Throughout history, there’s been an incessant human temptation to mix Thing A with Thing B and see what happens. It’s how we discovered the Diet Coke–Mentos eruption, embraced the mullet (business in the front, party in the back), and were blessed with the labradoodle.
The cocktail world, too, is no stranger to the allure of a good mashup (see: the Cosmogroni and the Cosmojito). But if there were one hybrid category suited to our current moment, it would have to be the aperitivo sour. Easy to make and easier to drink, the aperitivo sour marries the best of both worlds, all crowned with a blanket of cloudlike froth.
Take, for instance, Misi’s Negroni Sour. In keeping with the simplicity of aperitivo culture—and the Italian cooking at the Brooklyn restaurant—the recipe hews quite closely to a classic Negroni base: gin, red bitter, and blanc vermouth in lieu of sweet vermouth, all in equal parts. But to bring the most out of the formula, the recipe calls for a house bitter blend for added dimension, while both orange and lemon juices bring the requisite acidity and land the drink firmly in sour territory.
In Los Angeles, Dan Sabo brings the sour treatment to the Negroni’s predecessor, the Milano-Torino. The most minimalist entry in the aperitivo canon, the two-ingredient Milano-Torino, or “Mi-To” as it’s affectionately known, is also one of the most flexible templates. Typically comprising equal parts Campari and sweet vermouth, the drink shines when personalized—as Sabo demonstrates with a base of Campari and dry vermouth, complemented by both grapefruit and lime juices and an egg white for a frothy finish.

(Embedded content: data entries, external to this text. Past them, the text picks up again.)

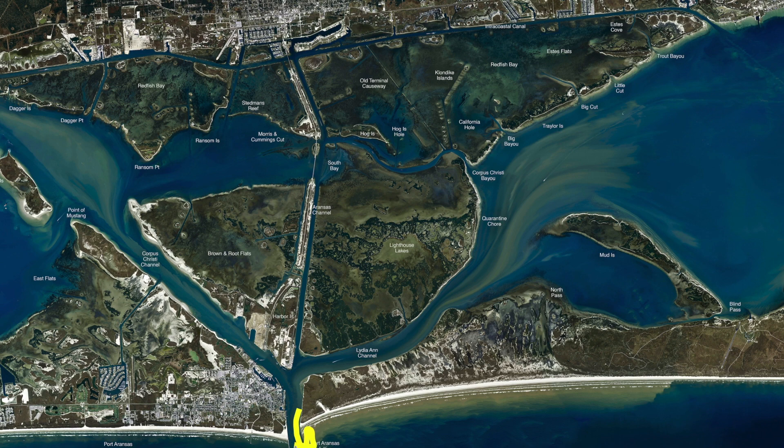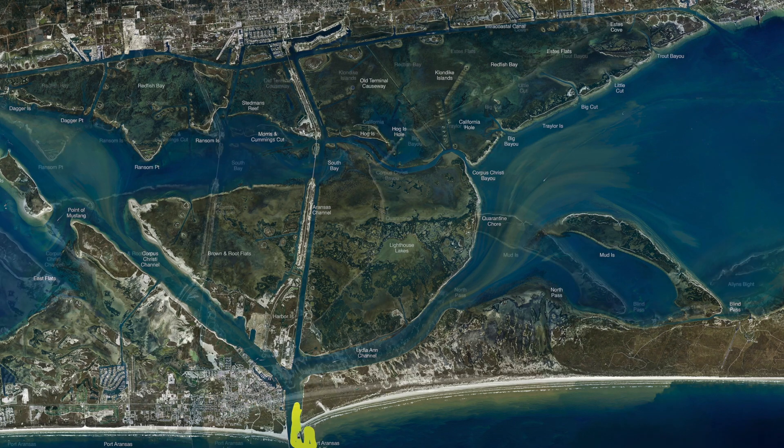If you throw a croaker out there you'll probably catch the same, but shrimp seems to be catching all. The problem is if you're throwing shrimp, you're probably going to catch hardheads and gaff top perch. We even caught some nice snapper out there, all on shrimp.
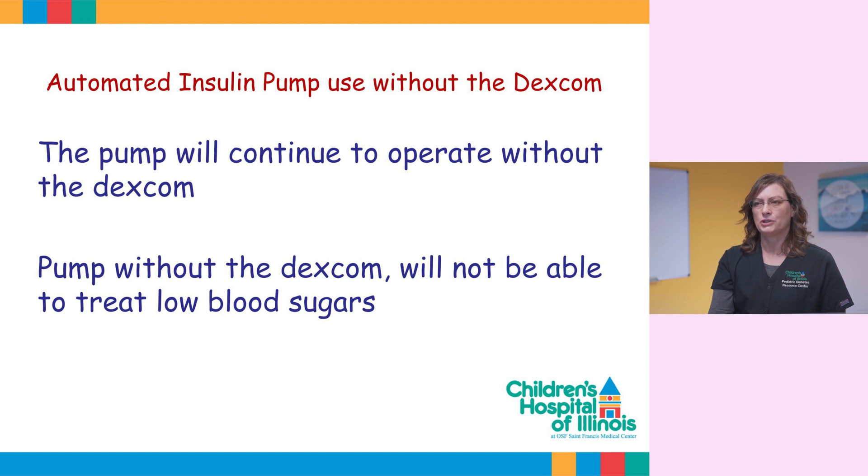At times you may find your student without the continuous glucose system. For example, we get calls from concerned school staff that the student isn't wearing his or her Dexcom. The pump will still operate as a basic pump, but will not be able to use its automated features and therefore will not be able to treat low blood sugars. There are various reasons why a student may not be wearing the Dexcom. One important reason is that insurance only pays for three sensors a month. If a sensor is accidentally ripped off the skin, they could run short of their monthly supply and have to rely on finger sticks. These products have a very expensive out-of-pocket cost.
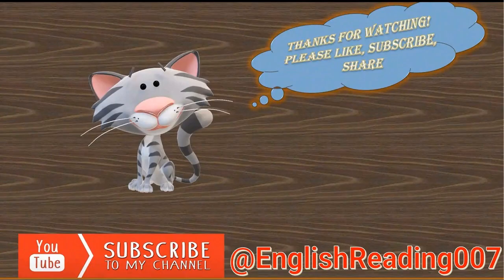Thanks for watching. Please like and share this video. Also hit the subscribe button, ring the notification bell, and let's embark on a journey of knowledge together.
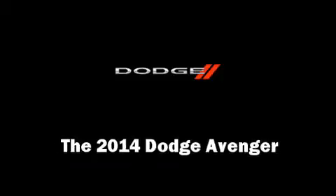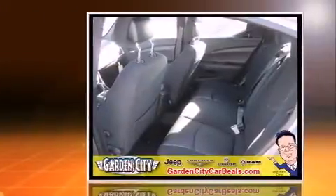The 2014 Dodge Avenger. It features an automatic transmission, front-wheel drive, and a 2.4-liter four-cylinder engine.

A more contemporary entrant to the aperitivo field, the modern classic White Negroni likewise benefits from a hit of citrus and a topping of froth. In his White Negroni Sour, Orlando Franklin McCray swaps the traditional Lillet Blanc for Mattei Cap Corse Blanc quinquina, which adds spice, depth and a subtle bitterness. Lemon juice and a vegan foaming agent (in lieu of egg white) deliver the expected sour qualities. Here at Punch, we’ve also experimented with the hybrid format. In our Campari Sour, we combine the red bitter with grapefruit and lime juices and an egg white because, well, obviously.